Although there are some versions of Logo that compile, it is generally implemented as an interpreted language.

In the mid 1960s Seymour Papert, a mathematician who had been working with Piaget in Geneva, came to the United States where he co-founded the MIT Artificial Intelligence Laboratory with Marvin Minsky. Papert worked with the team from Bolt, Beranek and Newman, led by Wallace Feurzeig, that created the first version of Logo in 1967.

Lua
Lua is a powerful light-weight programming language designed for extending applications. Lua is also frequently used as a general-purpose, stand-alone language. Lua is free software. Lua combines simple procedural syntax with powerful data description constructs based on associative arrays and extensible semantics. Lua is dynamically typed, interpreted from bytecodes, and has automatic memory management with garbage collection, making it ideal for configuration, scripting, and rapid prototyping.

A fundamental concept in the design of Lua is to provide meta-mechanisms for implementing features, instead of providing a host of features directly in the language. For example, although Lua is not a pure object-oriented language, it does provide meta-mechanisms for implementing classes and inheritance. Lua's meta-mechanisms bring an economy of concepts and keep the language small, while allowing the semantics to be extended in unconventional ways. Extensible semantics is a distinguishing feature of Lua.

Lua is a language engine that you can embed into your application. This means that, besides syntax and semantics, Lua has an API that allows the application to exchange data with Lua programs and also to extend Lua with C functions. In this sense, Lua can be regarded as a language framework for building domain-specific languages.

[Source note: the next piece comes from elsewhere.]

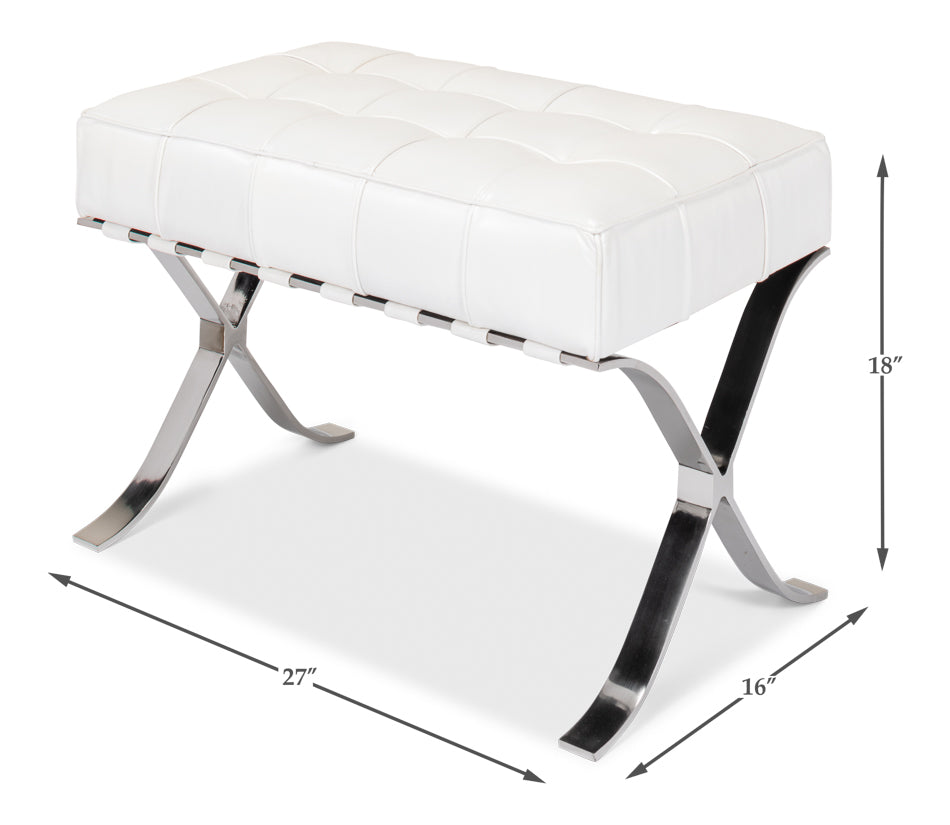 Catalunya Bench by Sarreid Ltd - view 11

Lua is implemented as a small library of C functions, written in ANSI C, and compiles unmodified in all known platforms. The implementation goals are simplicity, efficiency, portability, and low embedding cost. The result is a fast language engine with small footprint, making it ideal in embedded systems too.

Miranda Miranda was developed in 1985-86 by David Turner, and is now currently being marketed by Research Software Ltd. of England. Miranda was the successor of the functional languages SASL and KRC. With Miranda, the main goal was to produce a commercial version of a standard non-strict purely functional language. To make Miranda commercially viable, the development environment had to be made very flexible and easy-to-use.

ML/SML
ML is a general-purpose programming language designed for large projects. Standard ML is a safe, modular, strict, functional, polymorphic programming language with compile-time type checking and type inference, garbage collection, exception handling, immutable data types and updatable references, abstract data types, and parametric modules. It has efficient implementations and a formal definition with a proof of soundness.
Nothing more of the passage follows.